As an aside: the “foot-in-the-door” technique (a.k.a. “bait-and-switch”) is a well-known sales technique, but there has to be some point at which it ceases being effective. I would like to think that these guys have gone well beyond this point but since they’re clearly not stupid I suspect that tacking on a half-dozen extra charges that more than double the up-front cost of the alleged deal actually works. (And I never did get to find out what taxes get slathered all over the bill at the end.)
After paring down the deal to its minimum (one TV with HD reception, no DVR) it was going to cost $34.95 per month (after rebate) for twelve months and then either $65.99 or $70.99 per month for the next 12 months. HBO (et al) would be free for the first three months and then $15.99 per month thereafter. The deal includes some kind of premium access to NFL coverage for this season which we need to cancel after the season ends but before the next season begins to avoid being billed for that. And to get the rebate in a timely manner we need to process the rebate before the installation takes place.
In other words, $1200 if I don’t make any mistakes. And people think Apple’s products are overpriced.
All of this to watch True Blood via HBO Go.
This is our second attempt to get access to True Blood Season 4. Our first attempt involved trying to change our Comcast Subscription by the absolute minimum amount necessary to get access to HBO on Xfinity. (“Xfinity” is a made-up word that you get by crossing out the word “infinity”. This is because “zero” is a common word and can’t be trademarked.) This first attempt spanned almost four weeks, including several waits on hold each over 30 minutes, and two identical “escalated” “engineering” tickets that were each supposed to be resolved within 72h but were in fact never resolved. (I did receive one call about one of the tickets shortly after having thrown in the towel and canceled the whole fiasco — I believe the person called to tell me the ticket was being closed because I had canceled the subscription.)

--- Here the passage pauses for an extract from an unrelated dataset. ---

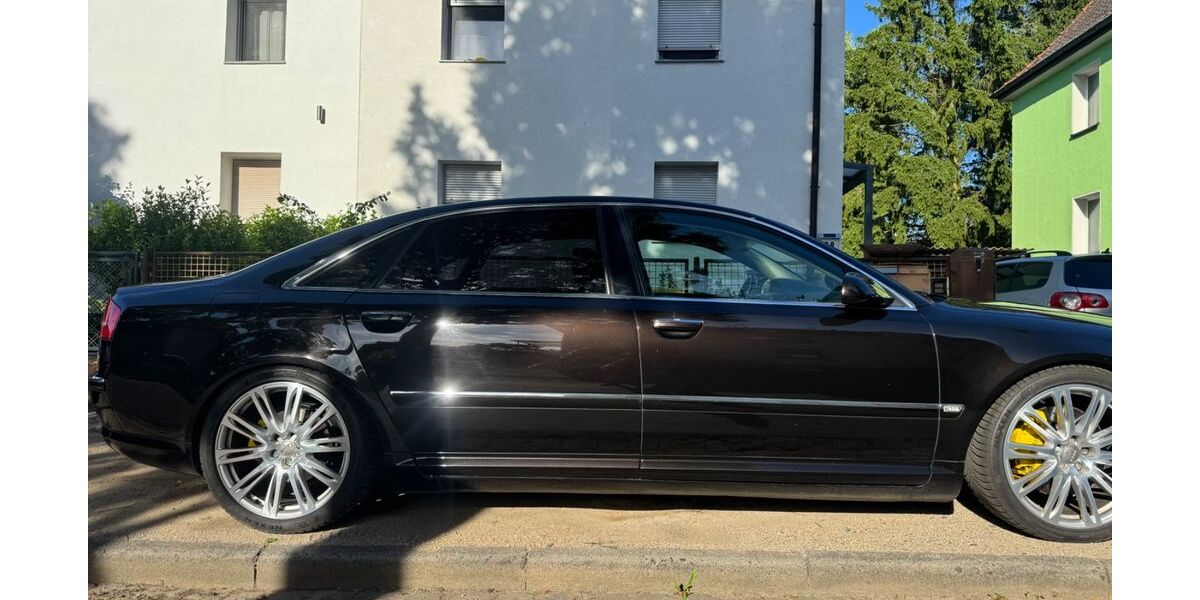 Audi A8 241.406 km 8.500 &euro; Offenbach am Main 63071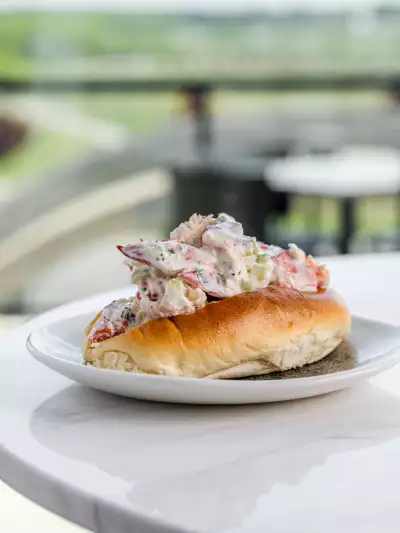 Megalomaniac Wines | Lobster Roll at Megalomaniac winery in Niagara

Here’s the thing. I only did all this crap because I am, basically, an honest person. Stupidly honest, in fact. It’s not, for example, that I don’t know how Bittorrent works. If True Blood were available via Season Pass in iTunes at a ridiculously inflated price, I would cheerfully have paid for it. But nooooo. HBO wants to protect its ability to attract fools to satellite and cable TV subscriptions rather than simply giving people what they want at a reasonable, or in fact any, price.
In the time I wasted making one call to Comcast, I could have torrented the first episode and had the others drop automagically onto my hard disk overnight. Incidentally, for the three weeks we were subscribed to HBO via Comcast and yet unable to actually watch any HBO content, this would have meant illegally downloading content we were legally entitled to watch but couldn’t. That would be a fun lawsuit.